Cunha e Silva Filho

 


                                 De um país de tantas notícias indesejáveis, de um país que vive o cotidiano de crimes, violência e corrupção política, licitações fraudulentas entre governos e empresas, vem, agora, mais um acontecimento deplorável e trágico.Um pedreiro brasileiro, de nome Amarildo, morador da favela Rocinha, uma das maiores favelas da América Latina, encravada no entorno de bairros elegantes e da elite econômica e intelectual, é abordado por policiais e encaminhado para a UPP, espécie de delegacia implantada para dar segurança aos moradores da comunidade. e combater o tráfico de drogas. Para as autoridades de segurança, a sua função é mais abrangente : a de procurar pacificar os conflitos freqüentes entre moradores e os agentes policiais, ou procurar minimizar a violência nos domínios dessa comunidade.
                               Amarildo, que ficou conhecido desde as manifestações nas ruas nas quais , ao lado dos protestos por uma Brasil mais justo, exibia cartazes com a pergunta que se espalhou pelo mundo afora: “Onde está o Amarildo?” Nos principais jornais do mundo, em outros idiomas, a mesma pergunta em cartazes carregados por imigrantes ou naturais dos países era exibida O desaparecimento de Amarildo comoveu o Planeta como um símbolo da indignação humana contra atos de barbárie ocorridos no Brasil e em tantas outras regiões da Terra.
                               Amarildo, paupérrimo, morador de uma casinha humilde, sem janelas fechadas, dispondo apenas do mais rudimentar possível para alguém repousar depois de um jornada de trabalho duro como é a de um assistente de pedreiro, passa a ser um paradigma da situação geral de determinada faixa da população brasileira que vive na pobreza e no abandono de quase todos os direitos de uma vida decente. Por extensão do sentido, ele pertence àquele grupo de brasileiros de “vidas severinas’ tão bem poeticamente flagradas no texto do poeta João Cabral de Melo Neto(1920-1999).

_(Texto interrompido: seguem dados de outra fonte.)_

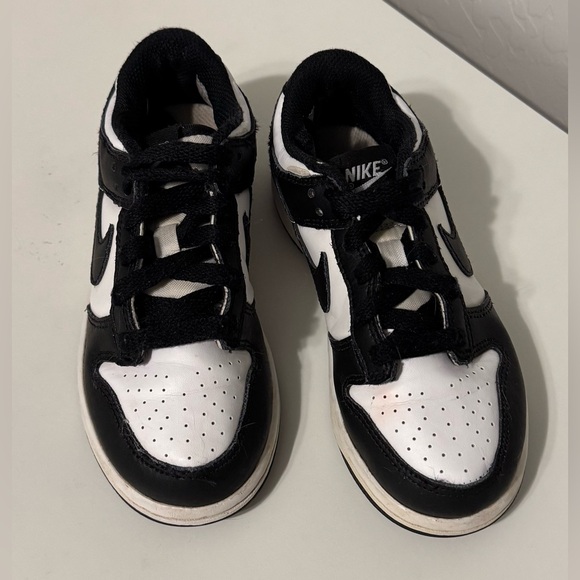 Nike Zoom Freak 4 “Zeus” cookies and cream sneakers. - Picture 3 of 5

                                 Amarildo tinha sua esposa, seus filhos, sua simplicidade. No dia em que sumiu, tinha vindo de um pesca, seguramente contente com a possibilidade de levar alimento para sua família. Amarildo desapareceu sem dar sinal. E todo o seu sumiço se explica pela sua chegada forçada à UPP. De lá não foi mais visto. Dizem que as câmeras que poderiam tê-lo filmado estavam com defeito ou foram desligadas (?!).
                               A Secretaria de Segurança afirma que as investigações estão sendo feitas e serão apuradas até se “exaurirem,” conforme afirmou o Secretário de Segurança do Estado do Rio de Janeiro. 
                              À boca pequena, fala-se que Amarildo tinha uma rixa com um dos policiais do destacamento da UPP no local. Amigos de Amarildo confirmam isso e vão mais longe, acrescentando que os moradores da comunidade da Rocinha estão constantemente sendo vítimas de maus tratos de policiais e até falam em torturas - o que é muito grave  -  e ensejam imediatas  e drásticas providências da esfera do Ministério da Justiça, dada a exorbitância de  desmandos  policiais do Estado do Rio de Janeiro. 

                             O projeto da implantação das UPPs não tem cumprido, ao que consta, o seu papel primordial, quer dizer, o de proteger os moradores e lutar contra a violência provocada pelo trafico de drogas e armas.Ora, se a UPP tem uma finalidade de dar tranquilidade às pessoas, e não de criar animosidade entre a autoridade policial e os moradores, por que as relações entre as duas partes não têm tido sucesso? Esta é uma das muitas perguntas que me faço e que me causam perplexidade.
                              O caso Amarildo é uma das dezenas de ocorrências semelhantes de alta violência que o Estado brasileiro e a sociedade constatam. Nada em profundidade  tem sido feito ´ por parte das autoridades a fim de moralizar a imagem do país ante as nações que respeitam os direitos humanos e a cidadania de seus filhos. 
                              O desaparecimento de Amarildo, com repercussão planetária, sobretudo com a divulgação via internet através das redes sociais, é uma pontinha do iceberg gigantesco chamado impunidade e  ao mesmo tempo é um desrespeito à dignidade humana num país que, até agora, não parece ter-se dado conta de que ou mudará profundamente a sua estrutura em todos os poderes do estado democrático, ou irá para um estado de convivência com o caos urbano e a anarquia institucionalizada. Acautelem-se os políticos de todas as cores e bandeiras que as eleições não estão longe e não serão como foram até o presente. Aguardem as urnas!